DATASET RECORDS —
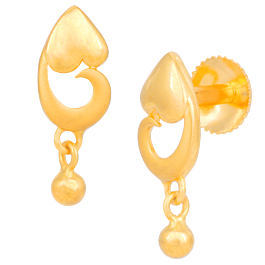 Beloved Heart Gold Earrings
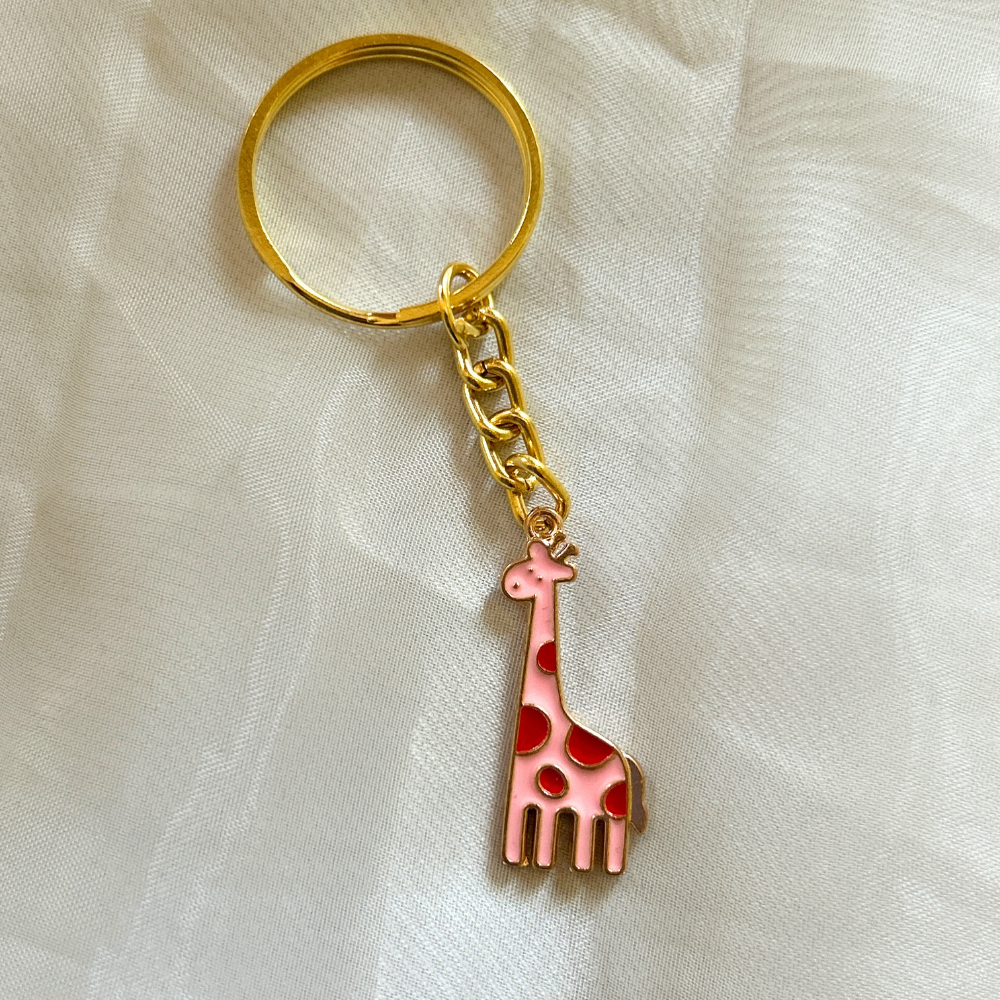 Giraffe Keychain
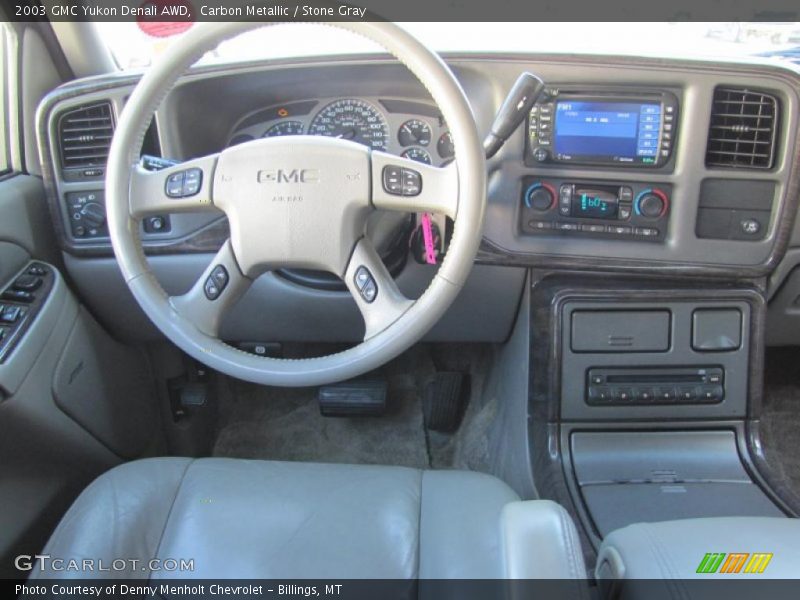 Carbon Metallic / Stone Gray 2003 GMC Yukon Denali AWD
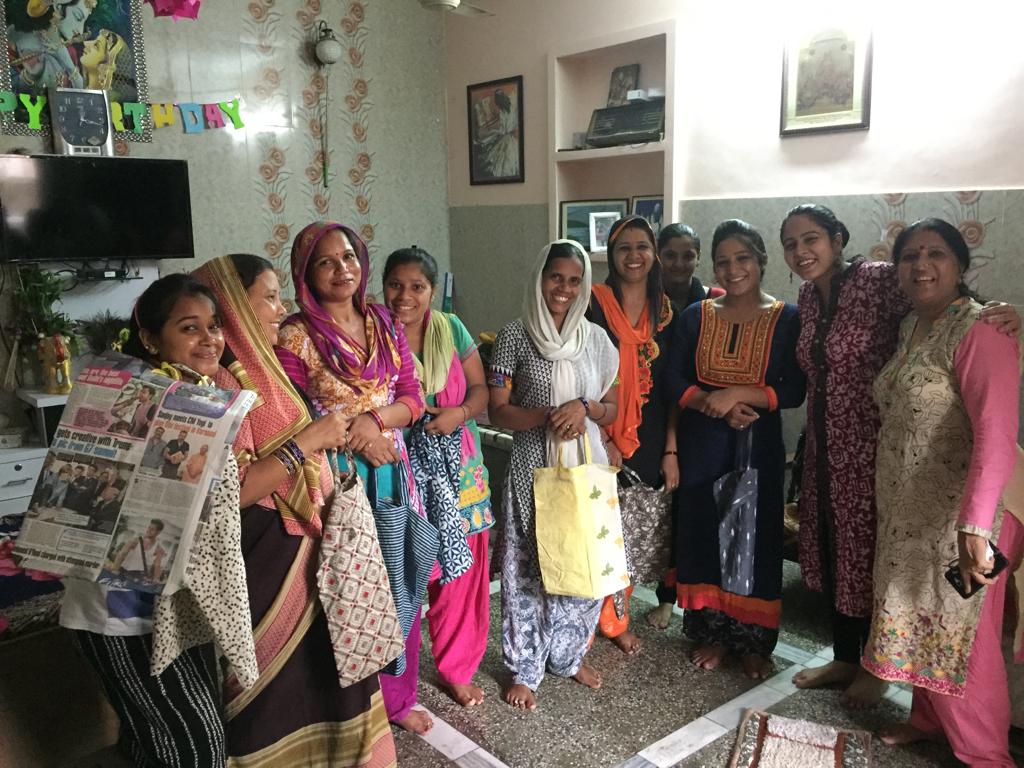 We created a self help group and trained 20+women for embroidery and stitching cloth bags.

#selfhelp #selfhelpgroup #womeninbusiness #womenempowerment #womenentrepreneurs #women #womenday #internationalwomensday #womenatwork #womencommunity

EXERCISE GOAL —
Your task is to set down exactly the lines that run from the line holding "We created a" through the close of the entries, including both ends. Pictures stay out.

REPLY TO THE TASK —
 We created a self help group and trained 20+women for embroidery and stitching cloth bags.

#selfhelp #selfhelpgroup #womeninbusiness #womenempowerment #womenentrepreneurs #women #womenday #internationalwomensday #womenatwork #womencommunity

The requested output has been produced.